Danktekst bij de uitreiking van de toneelprijzen op 17 september 2017

Uitreiking theaterprijzen, fotograaf onbekend

Hierbij een fragment van mijn danktekst gisteravond in de Stadsschouwburg bij de uitreiking van de toneelprijzen, het is een fragment. Eerst bedankte ik de jury, de producenten en de cast en crew van De Vader (klik hier voor het tournee verslag), en had ik het over de steun die ik van hen heb ondervonden. Uiteindelijk droeg ik de prijs op aan mijn moeder Jeanne Verstraete die 105 jaar geleden werd geboren. En toen ging ik over tot de orde van de dag, dat ging zo:

Het was een geweldige tijd, weliswaar voortdurend chaos in mijn hoofd “maar de beste tijd”, vrij naar Bertolt Brecht. En dat brengt mij na mijn innig gemeende dankbetuigingen naar iets dat deze dagen belangrijker is dan persoonlijke of groepssuccessen: er is namelijk iets ernstig misgegaan, inhoudelijk, en fundamenteel in het contact tussen het verschijnsel Toneel en het Nederlandse Publiek, of beter: behóórlijk mis gegaan. Iets dat je niet af kan doen met de dooddoener dat het publiek zo veel nieuwe en andere interesses heeft gekregen, dat de maatschappij zo aan het veranderen is. Het Toneel heeft zich te veel met zich zelf bezig gehouden, ook ik heb me daar aan bezondigd in het verleden. Maar waar of aan wie het ook ligt: de schouwburgen programmeren in het land steeds minder toneel, toneel is overwoekerd door cabaret en in (afnemende) mate door musicals. In sommige schouwburgen is de verhouding totaal zoek geraakt: tegenover een enkele toneelvoorstelling staan maar liefst TIEN cabaret avonden, je wordt niet goed van de pr-taal in de veel te kostbaar uitgevoerde prospectussen, waarmee bezoek aan een schouwburg op meestal discutabele wijze wordt aangewakkerd.
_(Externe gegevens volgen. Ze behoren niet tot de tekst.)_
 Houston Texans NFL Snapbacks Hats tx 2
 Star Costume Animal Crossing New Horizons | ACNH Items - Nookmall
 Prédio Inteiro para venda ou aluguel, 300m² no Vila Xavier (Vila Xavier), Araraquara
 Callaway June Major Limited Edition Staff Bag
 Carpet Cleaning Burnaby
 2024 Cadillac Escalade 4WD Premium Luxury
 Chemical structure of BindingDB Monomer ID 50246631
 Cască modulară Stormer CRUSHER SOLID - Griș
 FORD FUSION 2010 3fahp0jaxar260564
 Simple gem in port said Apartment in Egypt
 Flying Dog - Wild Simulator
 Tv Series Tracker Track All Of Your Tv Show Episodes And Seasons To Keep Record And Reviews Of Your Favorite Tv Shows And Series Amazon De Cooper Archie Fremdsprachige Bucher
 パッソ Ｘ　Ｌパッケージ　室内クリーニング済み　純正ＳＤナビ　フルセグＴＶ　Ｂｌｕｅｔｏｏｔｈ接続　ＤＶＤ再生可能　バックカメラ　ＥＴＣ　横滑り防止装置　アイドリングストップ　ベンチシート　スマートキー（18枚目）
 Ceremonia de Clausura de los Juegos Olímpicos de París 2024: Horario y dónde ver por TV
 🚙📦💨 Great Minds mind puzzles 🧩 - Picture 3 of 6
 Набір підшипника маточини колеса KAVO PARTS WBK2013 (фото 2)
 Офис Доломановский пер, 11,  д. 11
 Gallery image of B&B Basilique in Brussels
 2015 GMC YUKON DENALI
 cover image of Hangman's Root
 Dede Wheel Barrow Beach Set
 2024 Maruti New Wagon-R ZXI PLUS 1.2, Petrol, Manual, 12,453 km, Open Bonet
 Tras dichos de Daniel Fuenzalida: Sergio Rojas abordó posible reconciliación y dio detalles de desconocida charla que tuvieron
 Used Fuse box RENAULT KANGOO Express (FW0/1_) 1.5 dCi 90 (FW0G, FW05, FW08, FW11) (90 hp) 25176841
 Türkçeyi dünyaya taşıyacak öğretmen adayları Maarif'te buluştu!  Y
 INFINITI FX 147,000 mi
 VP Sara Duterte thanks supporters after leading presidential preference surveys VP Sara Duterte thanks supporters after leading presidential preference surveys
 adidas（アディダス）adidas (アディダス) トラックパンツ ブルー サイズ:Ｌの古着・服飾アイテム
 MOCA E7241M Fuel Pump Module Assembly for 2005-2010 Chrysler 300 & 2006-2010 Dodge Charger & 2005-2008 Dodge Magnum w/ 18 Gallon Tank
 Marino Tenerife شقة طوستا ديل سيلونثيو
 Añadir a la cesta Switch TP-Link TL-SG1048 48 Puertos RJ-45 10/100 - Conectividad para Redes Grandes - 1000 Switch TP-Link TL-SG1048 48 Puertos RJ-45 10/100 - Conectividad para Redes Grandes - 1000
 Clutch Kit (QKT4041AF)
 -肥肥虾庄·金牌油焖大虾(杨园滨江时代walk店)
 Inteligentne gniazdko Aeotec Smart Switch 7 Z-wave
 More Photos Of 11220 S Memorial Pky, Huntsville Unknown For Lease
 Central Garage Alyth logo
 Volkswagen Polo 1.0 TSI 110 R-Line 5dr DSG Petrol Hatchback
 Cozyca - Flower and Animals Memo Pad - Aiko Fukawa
Toneel is zijn leidende functie in de samenleving verloren – leidend ja: Toneel behoort als vanouds een leidende rol in ons aller bestaan te vervullen, en reflectie en commentaar vanaf het podium op de samenleving is nog maar met een lantaarntje te vinden.
Misschien is dat wel het succes van De Vader geweest: theater over een probleem dat zich als een horzel in onze samenleving heeft genesteld. Niemand had toch ooit gedacht dat er over dementie iets anders dan een documentaire te maken zou zijn. Levende mensen, spelende mensen op het toneel zijn in de kunsten door niets te vervangen, niet door de film, niet door de televisie of door welk medium dan ook: inleving in de ander maakt ons betere en intelligentere burgers. Taal brengt de verbeelding op gang en beeld vult het in. Eindelijk hebben we in Gijs Scholten van Aschat een nieuwe voorman gekregen, die bevlogen en welbespraakt in de aanval is gegaan, in de aanval voor betere salarissen, iemand die kan vechten voor een betere toegang voor jonge tonelisten in het hermetisch gesloten front van de grote gezelschappen, die overigens nog maar zeer gering in omvang zijn vergeleken bij vroegere tijden. Als illustratie van mijn stellingen het volgende: na een van onze voorstellingen komt er een middelbare dame op mij af, ze zegt “Ik ben dement, goed gedaan jochie”, ze geeft me een dreun op mijn bovenarm en ze loopt door.
Ik sluit af. (nadat ik mijn vrouw Agaath Witteman heb bedankt voor haar onwankelbare trouw)
Overigens ben ik van mening dat het Theaterfestival zijn subsidie terug moet krijgen: twee weken uitverkochte schouwburgen bewijzen zijn onvervangbare positie. Lang leve het Theater.